Capping a historical debate
Published 11:04 pm Friday, February 18, 2011
When a couple of Pinner Street homeowners put up vinyl siding on their home last year, their idea was to improve the structure and protect it from the elements. The siding would keep water from leaking into the house around the windows during rainstorms, they believed, and the 110-year-old home would stand all the longer for the protection it got from the vinyl.
But vinyl siding wasn’t around in 1900, when Harland and Robert Evans’ home was built. And so — in a classic confrontation between those who want to preserve the status quo and those who want to improve their circumstances to the extent their finances allow them to do so — the Suffolk Historic Landmarks Commission ruled late last year that they’d have to remove it.

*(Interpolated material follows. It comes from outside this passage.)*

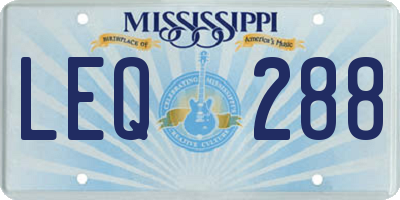 MS license plate LEQ288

There is plenty of room to wonder why the boundaries of the downtown historical district include the Evans’ home, which is located in the 300 block of Pinner Street in a working-class neighborhood blocks away from the stately old houses of the Finney/Bank Street area. The house is more than a century old, but that doesn’t automatically make it a historical resource that should be kept pristine unless it has an intrinsic value to the city as an architectural or cultural example of Suffolk’s past.

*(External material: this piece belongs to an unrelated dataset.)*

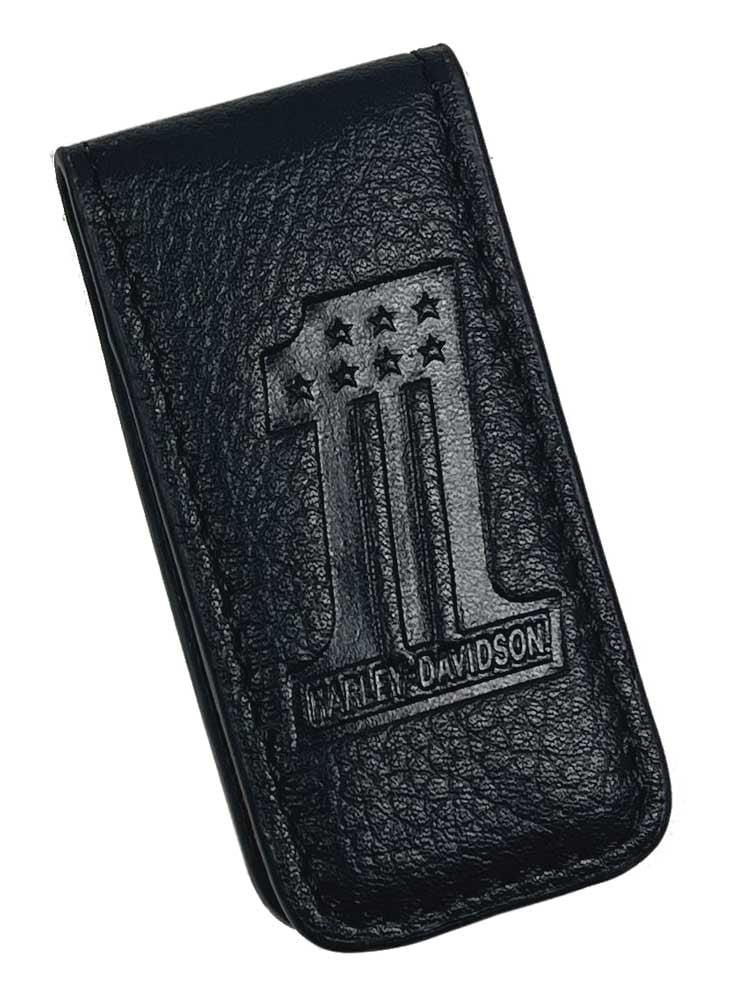 Harley-Davidson Men's #1 Logo Leather Magnetic Money Clip - Solid Black, Harley Davidson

Instead, it’s just an old house in an aging neighborhood — albeit an old house that has been kept in reasonably good condition by a series of owners who have taken care of it, making repairs and renovations as needed, just as Harland and Robert Evans did when they sheathed it in vinyl siding.
In an area with true historical significance, a Historic Landmarks Commission can be a necessary bulwark against changes that are unrestrained and destructive to the community’s historical nature. In an area — such as the Evans’ part of Pinner Street — where the historical connections and significance are scarce, such a commission can be an onerous overlord to homeowners and taxpayers.
On Wednesday, City Council stepped between the Landmarks Commission and the homeowners, holding up the Evans’ appeal and therefore allowing them to keep their vinyl siding. Council members also have expressed a desire to take another look at the boundaries of Suffolk’s historic districts, with an eye toward limiting them to areas of true historical significance.
When it comes to antiques, especially those that are portrayed as historical in nature, it is important to be able to distinguish authentic from artificial. In the case of the historical import of Pinner Street, it’s good to know that City Council can tell the difference.